**The task**: Reproduce the listing below in full and without alteration, apart from its pictures.

**Collected data**:
↓↓↓

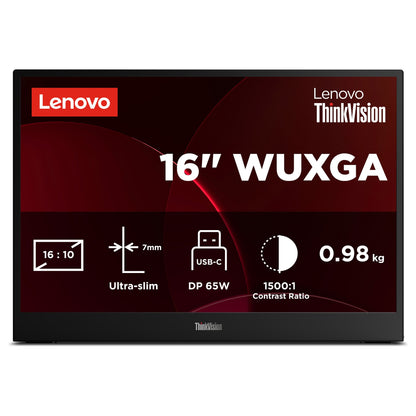 40,6 cm (16") 1920 x 1200 Pixel Lenovo 64BFUAT1WL 16:10 WUXGA IPS 8 ms 60 Hz DisplayPort HDMI DVI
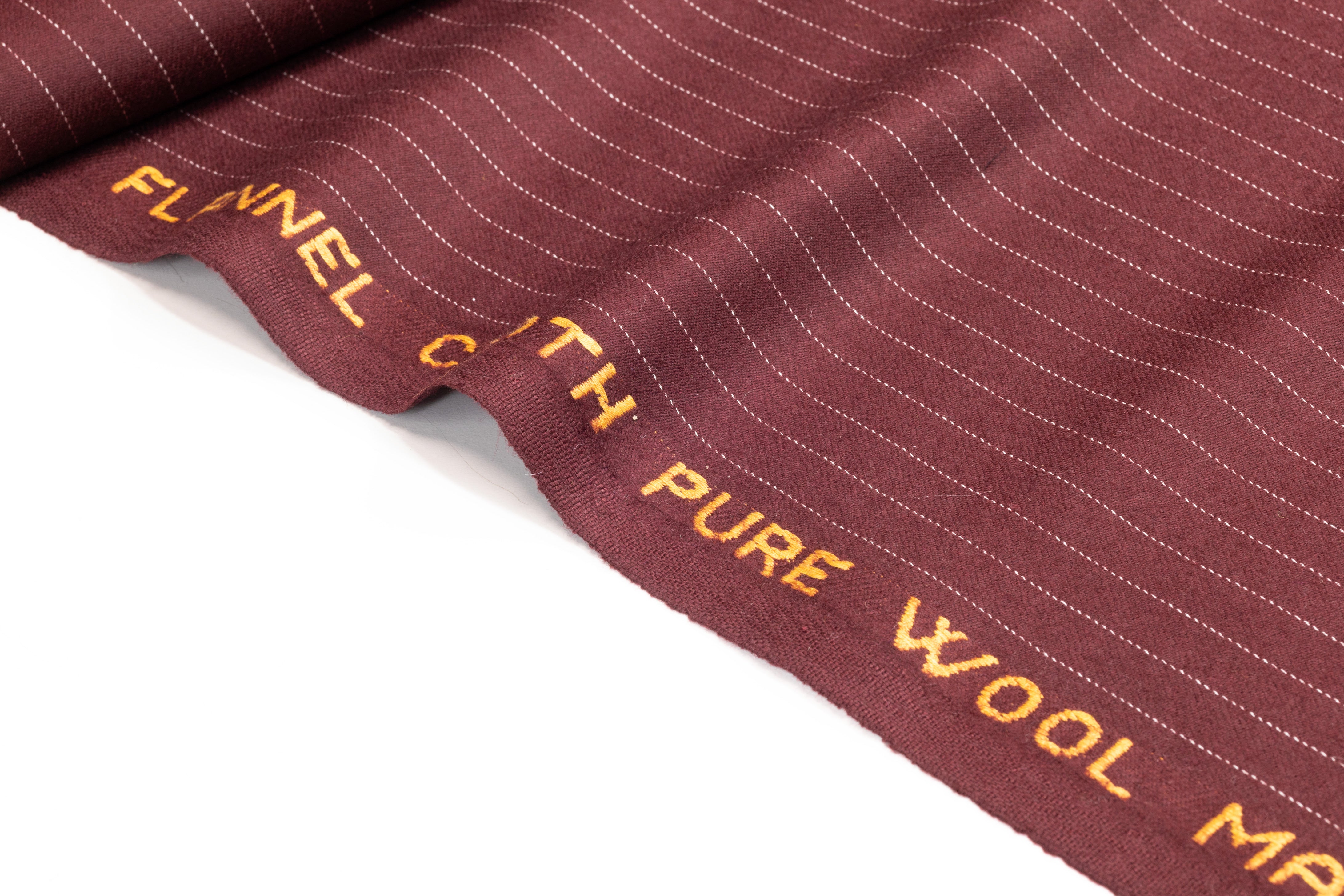 Striped Italian Wool Flannel Suiting - Burgundy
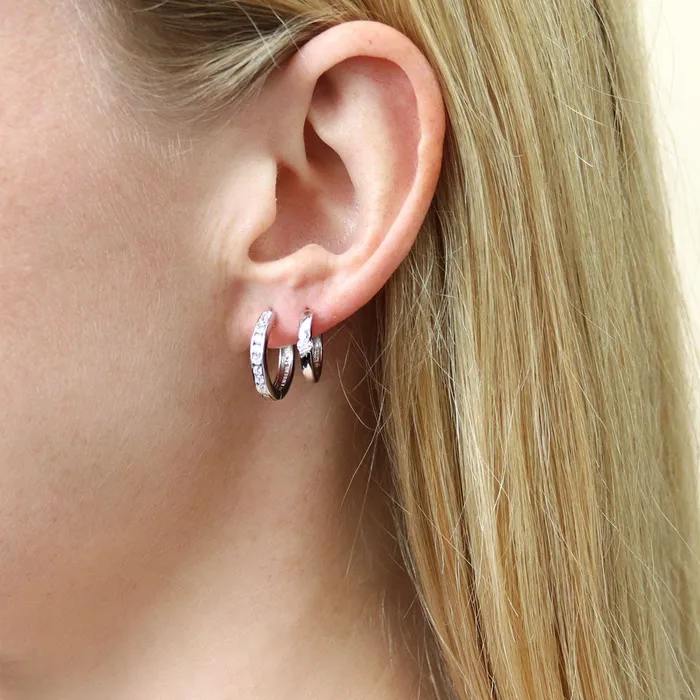 BERRICLE Solitaire CZ Hoop Earrings in Sterling Silver 2 Pairs Earrings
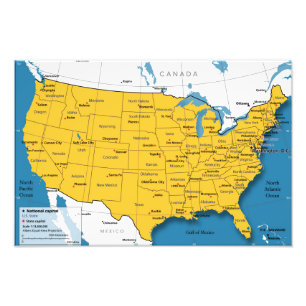 US Map US Map With State Names and Capitals Photo Print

↑↑↑

**Output for this task**:
 40,6 cm (16") 1920 x 1200 Pixel Lenovo 64BFUAT1WL 16:10 WUXGA IPS 8 ms 60 Hz DisplayPort HDMI DVI
 Striped Italian Wool Flannel Suiting - Burgundy
 BERRICLE Solitaire CZ Hoop Earrings in Sterling Silver 2 Pairs Earrings
 US Map US Map With State Names and Capitals Photo Print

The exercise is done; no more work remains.